Hi, I became a worldmark owner (direct) in July 2020.  I also have a pending club wyndham ownership that I bought resale. Is it possible to trade into II with either of these?  My worldmark acct is set up in RCI. The issue is that DVC now trades into II not RCI and I'd occasionally like to possibly snag Old Key West or Saratoga in DVC.  (I am aware of my WM and CW options at Disney. I  currently have a worldmark reunion Reservation and will test out Bonnet Creek with CW once that contract transfer is complete).  The question remains, can I decide which exchange I use or am I locked into RCI?  Thanks!


----------



## DaveNV (Aug 7, 2022)

You can join II and exchange there, if you want to.  WM trades with either RCI or II.

DO NOT use ePlus in Interval with WorldMark credits.  WM doesn't understand that a retrade is just a different location with the same exchange, and they'll take new credits and housekeeping tokens as if it's a new exchange.  It's a royal PITA to get your credits back.
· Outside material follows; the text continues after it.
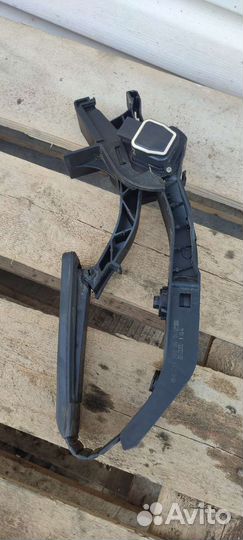 Мерседес W211 педаль газа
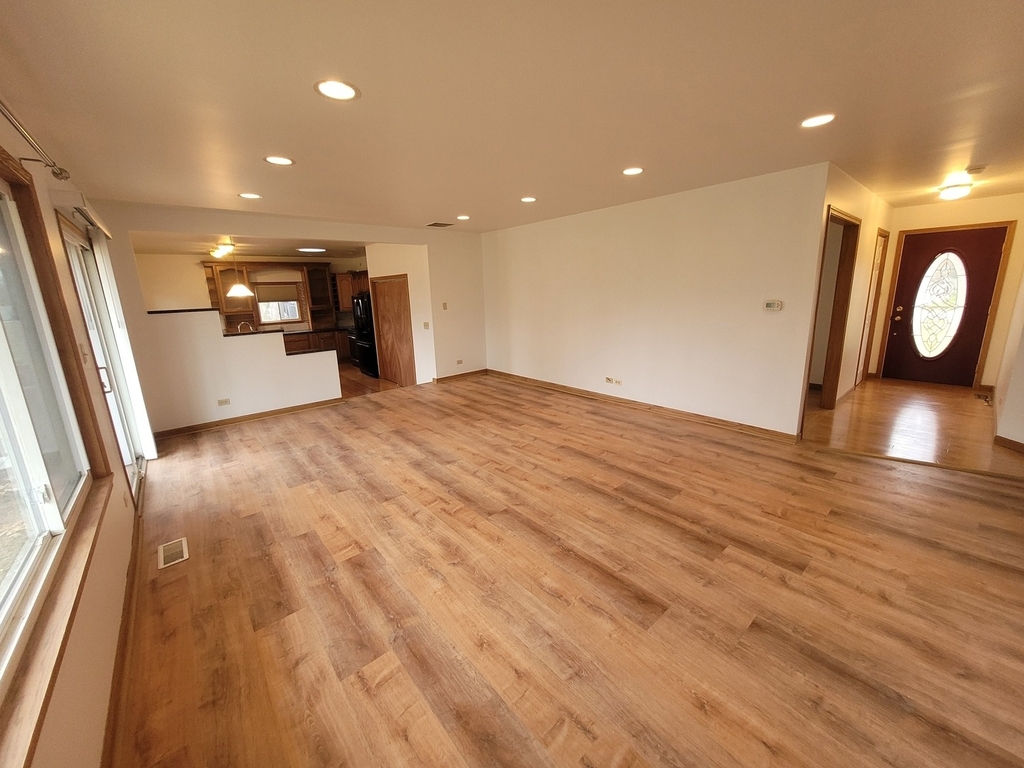 364 N Everett Drive - Photo 3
Save yourself the headache, and don't ever use ePlus with WorldMark.

Dave


----------



## HudsHut (Aug 7, 2022)

Yes, you may join II with your WorldMark. Ask if there is a 2 for 1 membership offer. If there isn't, it's $99/year. The number for II-WorldMark reps is 888-353-3021 (II is closed on Sunday).

WorldMark trades through a fixed grid with II, based upon the size of the unit into which you exchange:
Studio = 8000  credits + HK token or fee
1 br = 9000 credits + HK token or fee
2 br = 10000 credits + HK token or fee
3 br and up = 12000 credits + HK token or fee


----------



## Eric B (Aug 7, 2022)

DaveNV said:


> You can join II and exchange there, if you want to.  WM trades with either RCI or II.
> 
> DO NOT use ePlus in Interval with WorldMark credits.  WM doesn't understand that a retrade is just a different location with the same exchange, and they'll take new credits and housekeeping tokens as if it's a new exchange.  It's a royal PITA to get your credits back. Save yourself the headache, and don't ever use ePlus with WorldMark.
> 
> Dave



Minor clarification — my understanding is that the issue with ePlus only applies to request first exchanges, not deposit first ones.  If you do the deposit first method it shouldn’t be an issue.


----------



## DaveNV (Aug 7, 2022)

Eric B said:


> Minor clarification — my understanding is that the issue with ePlus only applies to request first exchanges, not deposit first ones.  If you do the deposit first method it shouldn’t be an issue.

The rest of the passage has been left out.